I have never seen the "additions may not have been permitted" notation in househunting in either Washington or Texas.
I like the way California does it better, Ruth, but that's only possible due to the impact of Proposition 13. Other states don't have Proposition 13, and as much as I believe it does far more benefit than harm, I would advise any other states considering it that it appears to be a very worthwhile undertaking - the more so the longer it is in effect.

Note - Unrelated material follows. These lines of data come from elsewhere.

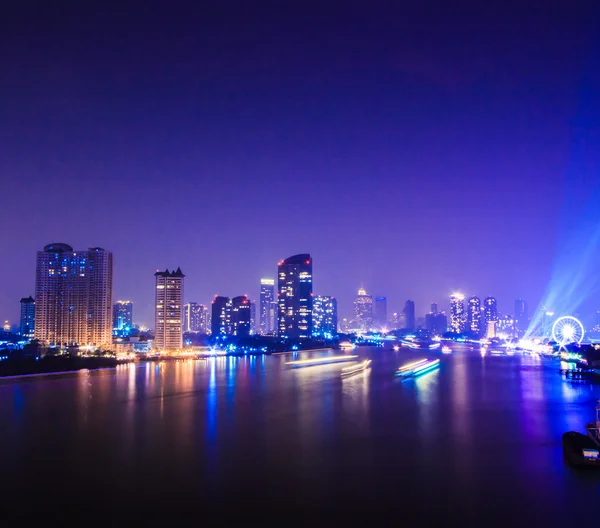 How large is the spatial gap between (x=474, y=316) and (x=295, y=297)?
118 feet

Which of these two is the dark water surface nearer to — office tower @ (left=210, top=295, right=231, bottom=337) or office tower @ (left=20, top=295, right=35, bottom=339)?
office tower @ (left=20, top=295, right=35, bottom=339)

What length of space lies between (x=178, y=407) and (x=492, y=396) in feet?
32.0

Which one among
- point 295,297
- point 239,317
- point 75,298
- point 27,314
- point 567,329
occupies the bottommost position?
point 567,329

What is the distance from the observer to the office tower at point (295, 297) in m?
64.0

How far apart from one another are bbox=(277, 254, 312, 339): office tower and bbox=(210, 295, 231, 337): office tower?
641 cm

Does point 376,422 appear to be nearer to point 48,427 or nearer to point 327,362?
point 48,427

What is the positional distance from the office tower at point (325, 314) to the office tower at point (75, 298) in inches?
1753

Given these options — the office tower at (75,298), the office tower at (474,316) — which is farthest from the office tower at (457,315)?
the office tower at (75,298)

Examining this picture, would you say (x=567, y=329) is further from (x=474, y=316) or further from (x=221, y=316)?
(x=474, y=316)

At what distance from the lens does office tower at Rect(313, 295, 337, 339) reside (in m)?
81.8

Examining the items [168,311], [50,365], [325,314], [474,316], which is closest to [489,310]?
[474,316]

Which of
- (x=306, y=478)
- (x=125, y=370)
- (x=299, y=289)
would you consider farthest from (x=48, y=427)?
(x=299, y=289)

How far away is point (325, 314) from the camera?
275 ft

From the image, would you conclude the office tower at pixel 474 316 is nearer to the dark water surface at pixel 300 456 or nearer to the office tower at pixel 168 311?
the office tower at pixel 168 311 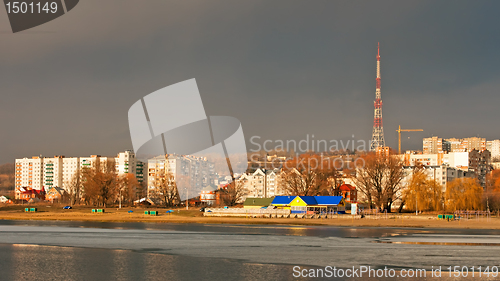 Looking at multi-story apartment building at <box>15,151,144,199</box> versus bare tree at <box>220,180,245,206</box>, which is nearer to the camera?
bare tree at <box>220,180,245,206</box>

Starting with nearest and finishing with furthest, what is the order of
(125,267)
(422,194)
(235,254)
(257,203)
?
(125,267)
(235,254)
(422,194)
(257,203)

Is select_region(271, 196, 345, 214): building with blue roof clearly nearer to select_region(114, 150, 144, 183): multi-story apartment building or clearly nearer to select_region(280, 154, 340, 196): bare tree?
select_region(280, 154, 340, 196): bare tree

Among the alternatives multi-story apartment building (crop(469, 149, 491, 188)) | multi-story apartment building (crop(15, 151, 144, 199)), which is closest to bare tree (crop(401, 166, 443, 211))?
multi-story apartment building (crop(469, 149, 491, 188))

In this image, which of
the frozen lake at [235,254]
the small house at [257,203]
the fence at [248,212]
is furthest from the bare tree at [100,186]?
the frozen lake at [235,254]

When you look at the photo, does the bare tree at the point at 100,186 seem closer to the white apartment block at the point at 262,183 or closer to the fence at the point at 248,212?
the fence at the point at 248,212

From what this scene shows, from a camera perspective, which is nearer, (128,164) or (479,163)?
(479,163)

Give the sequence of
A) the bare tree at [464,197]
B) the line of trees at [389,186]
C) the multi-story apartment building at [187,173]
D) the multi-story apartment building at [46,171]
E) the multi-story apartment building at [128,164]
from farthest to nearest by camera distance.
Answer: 1. the multi-story apartment building at [46,171]
2. the multi-story apartment building at [128,164]
3. the multi-story apartment building at [187,173]
4. the line of trees at [389,186]
5. the bare tree at [464,197]

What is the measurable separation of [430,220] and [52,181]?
169395 mm

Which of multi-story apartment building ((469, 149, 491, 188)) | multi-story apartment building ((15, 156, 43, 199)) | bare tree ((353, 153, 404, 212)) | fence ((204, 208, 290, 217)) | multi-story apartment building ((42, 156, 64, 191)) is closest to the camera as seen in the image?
fence ((204, 208, 290, 217))

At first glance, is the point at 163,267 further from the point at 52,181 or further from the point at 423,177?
the point at 52,181

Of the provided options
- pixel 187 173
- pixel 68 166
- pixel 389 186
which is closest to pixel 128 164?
pixel 68 166

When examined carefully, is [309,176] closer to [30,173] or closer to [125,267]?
[125,267]

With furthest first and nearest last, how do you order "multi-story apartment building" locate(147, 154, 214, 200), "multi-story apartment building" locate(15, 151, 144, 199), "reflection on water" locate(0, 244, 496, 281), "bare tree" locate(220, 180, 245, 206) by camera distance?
"multi-story apartment building" locate(15, 151, 144, 199)
"multi-story apartment building" locate(147, 154, 214, 200)
"bare tree" locate(220, 180, 245, 206)
"reflection on water" locate(0, 244, 496, 281)

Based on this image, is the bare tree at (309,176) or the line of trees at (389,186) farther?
the bare tree at (309,176) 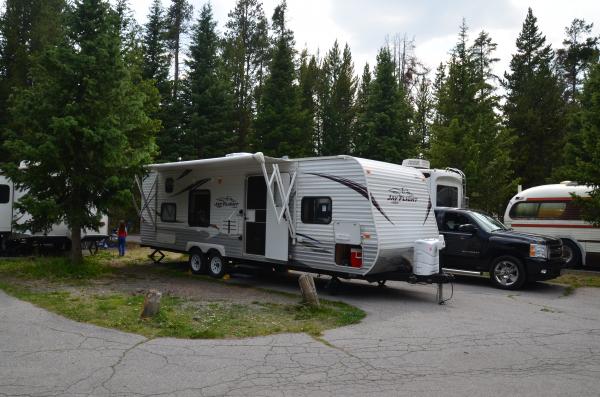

State laws are different everywhere. I've only dealt with purchases in California, but there is an affirmative requirement to disclose here, and the sooner you do it, the better your position in court, if it comes to that. Heck, I'll put the "may not be permitted" disclosure into MLS if I even think it might not have been permitted. If the buyer has been given all of the available evidence, and they have made their own decision, the seller and their agent are basically golden
So we were considering being investement property in Texas. They do not have prop 13, and property taxes start pretty high 3%, and go up significantly every year, something like 10% a year. I heard that in 15 years you wind up paying more property tax then your mortagge. However, they don't have any State tax. So for someone living and working in Texas, it winds up being better. What do you thing; higher property taxes/no state tax vs. what we have in California?
I think that in general Texas is a better investment than California. The Texas political structure understands what creates economic prosperity while the California political structure demonstrably does not. As a result, last I heard, Texas was the leading job creation market in the US, while the US (exclusive of Texas) was actually losing jobs.